If you really go for it and want to try making shooting heads - the weight of the head will be just slightly less than the weight of the line you can comfortably carry with a full line. Most of us were casting 60 to 70+ feet of line at the weekend (probably restricted by windy conditions) to optimize a 30ft shooting head you would aim to be slightly under the weight of line in that section of line - around 1.3 to 1.5 times the weight at the given AFTMA (AFFTA) weight - which is two to three line weights heavier than the rating however you are working, bending, the rod against no more weight than when you use a full line.
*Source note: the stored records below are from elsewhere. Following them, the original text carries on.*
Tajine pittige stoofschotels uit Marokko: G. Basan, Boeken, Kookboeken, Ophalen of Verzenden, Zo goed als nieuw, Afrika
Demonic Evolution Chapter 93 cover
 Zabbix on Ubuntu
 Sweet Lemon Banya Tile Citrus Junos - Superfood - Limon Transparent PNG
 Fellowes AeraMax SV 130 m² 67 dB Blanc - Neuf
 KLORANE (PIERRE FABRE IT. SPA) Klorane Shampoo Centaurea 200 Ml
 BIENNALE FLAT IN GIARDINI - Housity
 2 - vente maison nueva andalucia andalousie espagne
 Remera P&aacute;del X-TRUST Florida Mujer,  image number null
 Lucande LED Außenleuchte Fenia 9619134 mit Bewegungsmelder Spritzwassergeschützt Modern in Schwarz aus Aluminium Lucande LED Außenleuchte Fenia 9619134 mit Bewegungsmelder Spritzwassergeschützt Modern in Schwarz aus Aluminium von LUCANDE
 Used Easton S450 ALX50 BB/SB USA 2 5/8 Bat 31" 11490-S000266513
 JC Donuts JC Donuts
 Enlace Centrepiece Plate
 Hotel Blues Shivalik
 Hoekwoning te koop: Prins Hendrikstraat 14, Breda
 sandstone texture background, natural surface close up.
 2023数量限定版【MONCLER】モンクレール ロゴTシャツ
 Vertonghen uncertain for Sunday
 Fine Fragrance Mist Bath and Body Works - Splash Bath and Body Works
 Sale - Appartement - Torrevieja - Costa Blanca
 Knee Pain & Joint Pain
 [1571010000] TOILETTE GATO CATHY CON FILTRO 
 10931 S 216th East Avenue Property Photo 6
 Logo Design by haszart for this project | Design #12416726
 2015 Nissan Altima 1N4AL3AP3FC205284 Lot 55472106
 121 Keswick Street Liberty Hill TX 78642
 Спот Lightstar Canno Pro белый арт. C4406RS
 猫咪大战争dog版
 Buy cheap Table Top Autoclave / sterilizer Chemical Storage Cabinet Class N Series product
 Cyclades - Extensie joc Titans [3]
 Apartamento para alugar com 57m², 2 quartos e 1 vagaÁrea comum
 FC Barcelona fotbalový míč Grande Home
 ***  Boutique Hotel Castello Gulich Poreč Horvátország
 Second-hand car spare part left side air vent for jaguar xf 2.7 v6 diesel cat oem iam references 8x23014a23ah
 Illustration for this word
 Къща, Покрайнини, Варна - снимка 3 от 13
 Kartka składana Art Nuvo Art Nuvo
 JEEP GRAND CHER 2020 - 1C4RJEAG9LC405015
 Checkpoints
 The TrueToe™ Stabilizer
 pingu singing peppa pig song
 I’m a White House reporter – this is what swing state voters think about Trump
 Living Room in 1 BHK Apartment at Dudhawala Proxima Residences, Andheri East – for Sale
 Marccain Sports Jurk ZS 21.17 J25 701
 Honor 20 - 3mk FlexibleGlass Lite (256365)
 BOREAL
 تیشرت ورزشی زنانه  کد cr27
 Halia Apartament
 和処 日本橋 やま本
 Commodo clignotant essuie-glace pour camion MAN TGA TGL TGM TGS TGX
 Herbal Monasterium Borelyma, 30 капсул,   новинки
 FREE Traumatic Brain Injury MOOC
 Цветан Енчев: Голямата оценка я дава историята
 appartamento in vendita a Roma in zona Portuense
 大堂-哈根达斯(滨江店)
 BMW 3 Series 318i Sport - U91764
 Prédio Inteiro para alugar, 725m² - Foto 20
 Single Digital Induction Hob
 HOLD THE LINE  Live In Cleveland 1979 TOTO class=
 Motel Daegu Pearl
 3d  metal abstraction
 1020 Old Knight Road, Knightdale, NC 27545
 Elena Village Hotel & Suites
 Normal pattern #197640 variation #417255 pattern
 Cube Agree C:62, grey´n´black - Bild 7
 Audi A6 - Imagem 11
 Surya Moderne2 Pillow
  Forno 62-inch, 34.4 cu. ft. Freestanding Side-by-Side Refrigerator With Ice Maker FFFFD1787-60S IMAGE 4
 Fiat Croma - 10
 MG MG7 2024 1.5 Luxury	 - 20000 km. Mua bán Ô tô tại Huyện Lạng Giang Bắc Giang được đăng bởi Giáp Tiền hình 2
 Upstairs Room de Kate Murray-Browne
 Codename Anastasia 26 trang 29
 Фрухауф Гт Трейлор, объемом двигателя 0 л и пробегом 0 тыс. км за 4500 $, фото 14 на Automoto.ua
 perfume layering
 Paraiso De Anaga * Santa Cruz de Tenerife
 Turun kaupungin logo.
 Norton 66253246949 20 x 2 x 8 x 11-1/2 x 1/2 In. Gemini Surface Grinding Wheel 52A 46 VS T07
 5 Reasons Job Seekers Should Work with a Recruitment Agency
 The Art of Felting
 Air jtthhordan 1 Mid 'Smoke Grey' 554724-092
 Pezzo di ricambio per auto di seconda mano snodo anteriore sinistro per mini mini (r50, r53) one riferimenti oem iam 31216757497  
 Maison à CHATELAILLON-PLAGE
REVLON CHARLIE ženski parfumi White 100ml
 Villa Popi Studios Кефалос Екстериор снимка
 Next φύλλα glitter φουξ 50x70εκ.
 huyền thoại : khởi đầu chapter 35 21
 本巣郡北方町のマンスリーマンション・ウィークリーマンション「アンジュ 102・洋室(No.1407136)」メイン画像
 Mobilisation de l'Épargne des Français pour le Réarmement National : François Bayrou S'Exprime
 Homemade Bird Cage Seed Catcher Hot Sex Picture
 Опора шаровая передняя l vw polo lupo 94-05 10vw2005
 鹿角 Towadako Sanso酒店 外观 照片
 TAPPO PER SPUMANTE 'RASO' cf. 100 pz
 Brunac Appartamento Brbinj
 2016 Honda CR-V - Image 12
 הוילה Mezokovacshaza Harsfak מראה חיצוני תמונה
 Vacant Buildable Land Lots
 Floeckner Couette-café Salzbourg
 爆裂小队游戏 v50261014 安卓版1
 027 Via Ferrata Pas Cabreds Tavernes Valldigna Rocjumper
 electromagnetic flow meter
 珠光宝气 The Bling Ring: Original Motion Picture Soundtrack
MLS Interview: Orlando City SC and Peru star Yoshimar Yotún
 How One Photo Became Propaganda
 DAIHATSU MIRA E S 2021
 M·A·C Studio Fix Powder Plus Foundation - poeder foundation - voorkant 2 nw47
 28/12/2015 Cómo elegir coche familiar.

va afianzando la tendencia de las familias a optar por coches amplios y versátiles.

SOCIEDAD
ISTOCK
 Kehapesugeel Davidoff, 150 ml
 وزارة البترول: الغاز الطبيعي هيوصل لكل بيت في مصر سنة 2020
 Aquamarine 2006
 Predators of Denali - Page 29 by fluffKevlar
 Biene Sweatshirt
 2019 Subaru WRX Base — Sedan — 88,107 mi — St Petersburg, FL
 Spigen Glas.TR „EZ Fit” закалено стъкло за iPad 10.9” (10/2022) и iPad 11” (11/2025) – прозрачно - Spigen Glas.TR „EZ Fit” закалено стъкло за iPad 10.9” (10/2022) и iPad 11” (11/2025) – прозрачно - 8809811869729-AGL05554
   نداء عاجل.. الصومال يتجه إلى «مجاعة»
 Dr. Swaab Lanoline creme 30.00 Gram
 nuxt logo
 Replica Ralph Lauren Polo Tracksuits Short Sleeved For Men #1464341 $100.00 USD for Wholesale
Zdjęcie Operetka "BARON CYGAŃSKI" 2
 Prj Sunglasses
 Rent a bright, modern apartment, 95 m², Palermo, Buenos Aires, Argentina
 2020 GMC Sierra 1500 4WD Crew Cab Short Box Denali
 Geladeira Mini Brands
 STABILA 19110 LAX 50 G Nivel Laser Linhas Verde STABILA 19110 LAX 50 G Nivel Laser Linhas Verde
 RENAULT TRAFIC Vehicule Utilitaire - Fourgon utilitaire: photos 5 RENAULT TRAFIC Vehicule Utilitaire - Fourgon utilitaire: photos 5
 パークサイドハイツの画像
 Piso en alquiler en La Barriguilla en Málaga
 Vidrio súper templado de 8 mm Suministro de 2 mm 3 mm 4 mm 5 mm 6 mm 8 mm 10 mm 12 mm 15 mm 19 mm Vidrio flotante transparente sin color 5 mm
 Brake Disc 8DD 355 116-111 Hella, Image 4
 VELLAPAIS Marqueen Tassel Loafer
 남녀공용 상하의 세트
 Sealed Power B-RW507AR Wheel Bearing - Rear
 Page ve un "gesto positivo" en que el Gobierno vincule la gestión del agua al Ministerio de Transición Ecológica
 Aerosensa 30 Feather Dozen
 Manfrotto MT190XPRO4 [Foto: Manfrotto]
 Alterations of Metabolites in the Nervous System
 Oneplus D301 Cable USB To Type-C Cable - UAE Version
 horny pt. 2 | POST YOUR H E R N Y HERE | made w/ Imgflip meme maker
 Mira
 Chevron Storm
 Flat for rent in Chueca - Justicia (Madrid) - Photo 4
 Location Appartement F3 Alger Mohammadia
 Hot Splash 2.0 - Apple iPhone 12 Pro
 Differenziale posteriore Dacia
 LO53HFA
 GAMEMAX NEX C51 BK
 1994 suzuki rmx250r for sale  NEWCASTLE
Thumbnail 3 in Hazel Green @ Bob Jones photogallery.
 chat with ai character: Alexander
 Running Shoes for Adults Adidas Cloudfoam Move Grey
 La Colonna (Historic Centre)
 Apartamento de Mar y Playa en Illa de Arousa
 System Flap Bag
Building on Magnus' advice....
...when buying PRE MADE shooting heads, some manufacturers such as Rio, Airflo and a few others manufacture the head to the correct weight, so for example, my 10 weight Pike rod takes a Rio 10 weight shooting head but a 12 weight cortland that I made from a DT line. I know a few folk that have been caught out by that one.
Also, you can go a bit mad and go up say 4 line sizes but reduce the length of head to say 20 feet. This is useful if you fish waters with a restricted back cast. Not pretty to cast, but it can be useful in extreme situations (like when fishing off of the rocks for sea fish and you have a cliff behind you. This works well for level lead core if you want to go deep and far.
Alternatively, get a Rio Outbound or an Airflo 40+ line and there you have a shooting head bonded to a running line with a nice smooth joint with no noise in the rings and greately reduced hinging if you get a wee bit too much running line out the tip.
ps. What every happened to level taper fly lines? I remember them..just.